Source records =>

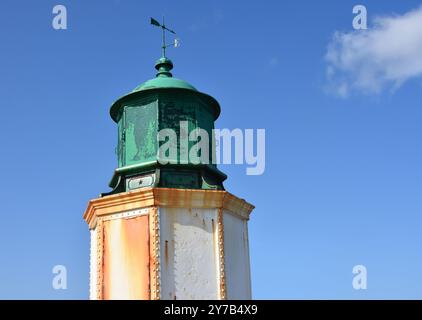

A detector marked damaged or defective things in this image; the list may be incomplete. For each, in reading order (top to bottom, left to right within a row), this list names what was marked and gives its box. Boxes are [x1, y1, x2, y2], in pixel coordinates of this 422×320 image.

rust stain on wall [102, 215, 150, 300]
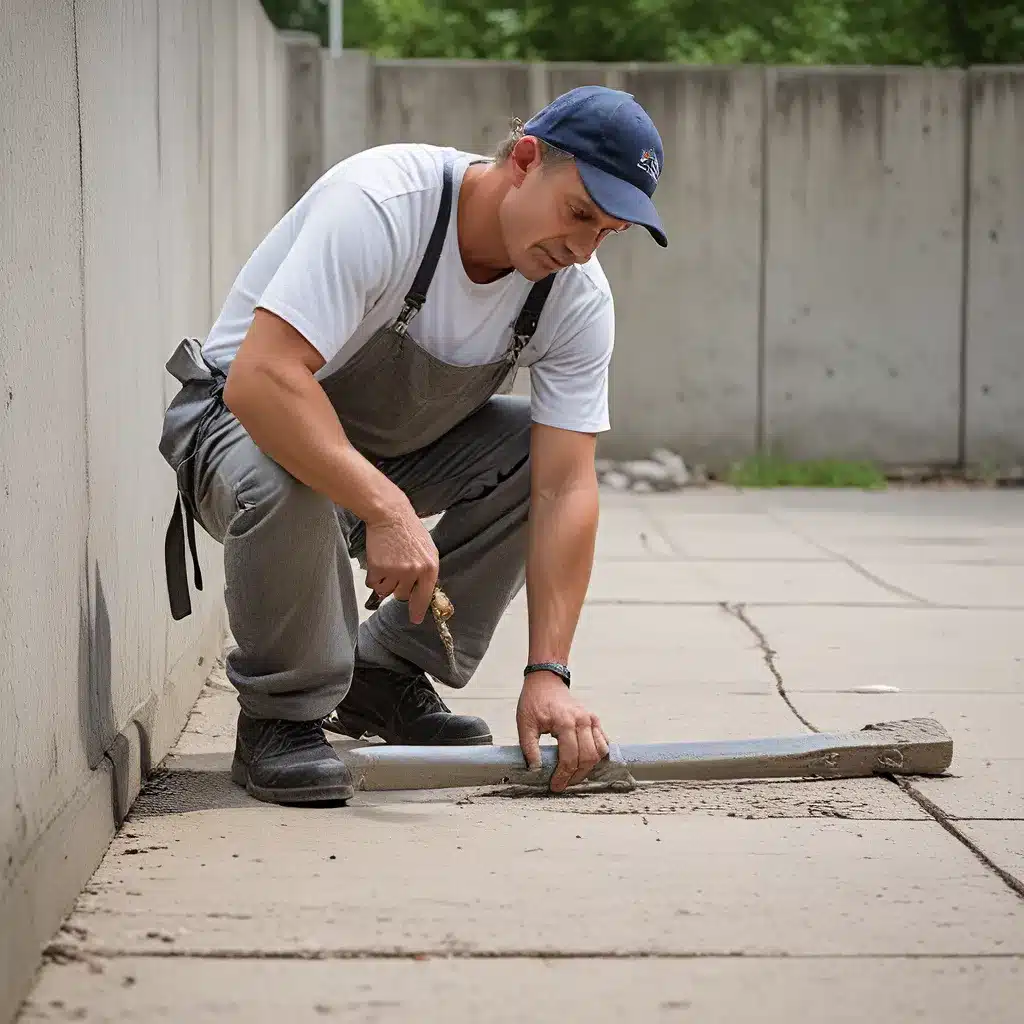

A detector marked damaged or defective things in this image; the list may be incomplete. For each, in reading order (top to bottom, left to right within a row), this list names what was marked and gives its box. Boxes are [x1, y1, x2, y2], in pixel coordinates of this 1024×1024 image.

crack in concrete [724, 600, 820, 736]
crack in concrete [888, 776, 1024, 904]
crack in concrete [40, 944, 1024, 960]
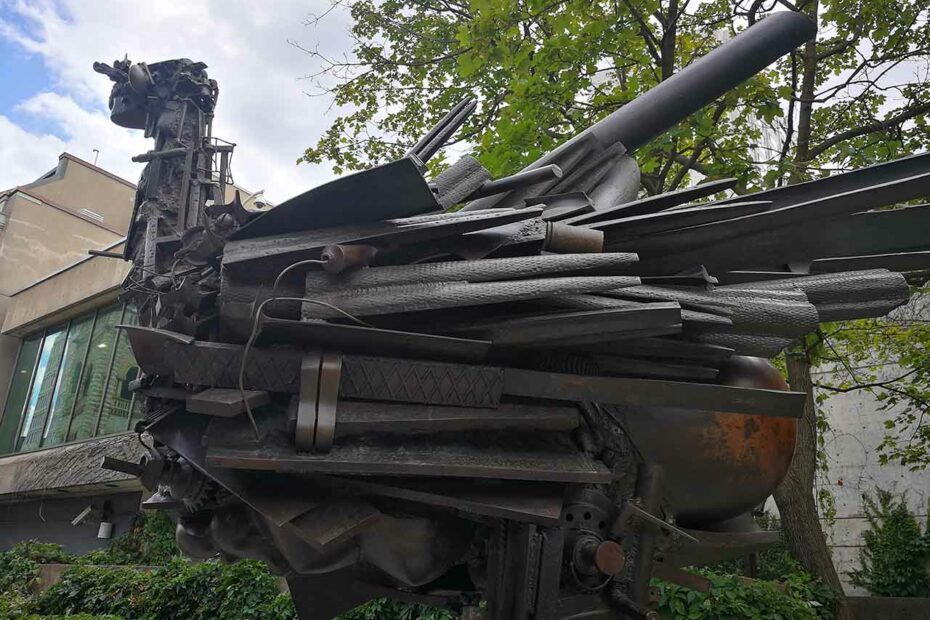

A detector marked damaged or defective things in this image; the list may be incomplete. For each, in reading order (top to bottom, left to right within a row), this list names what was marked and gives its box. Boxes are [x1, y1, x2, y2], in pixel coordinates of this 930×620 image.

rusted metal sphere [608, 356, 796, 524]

What to produce => Begin with the line holding "this 930×620 image." and end with the last line of the material. Write out those lines exactly, and only those.

The answer =>
A detector marked damaged or defective things in this image; the list may be incomplete. For each, in reading order (top to bottom, left to right within a row), this list names what was marked and gives its box. Boxes are [x1, y1, x2, y2], in pixel coordinates of this 930×620 image.

rusted metal sphere [608, 356, 796, 524]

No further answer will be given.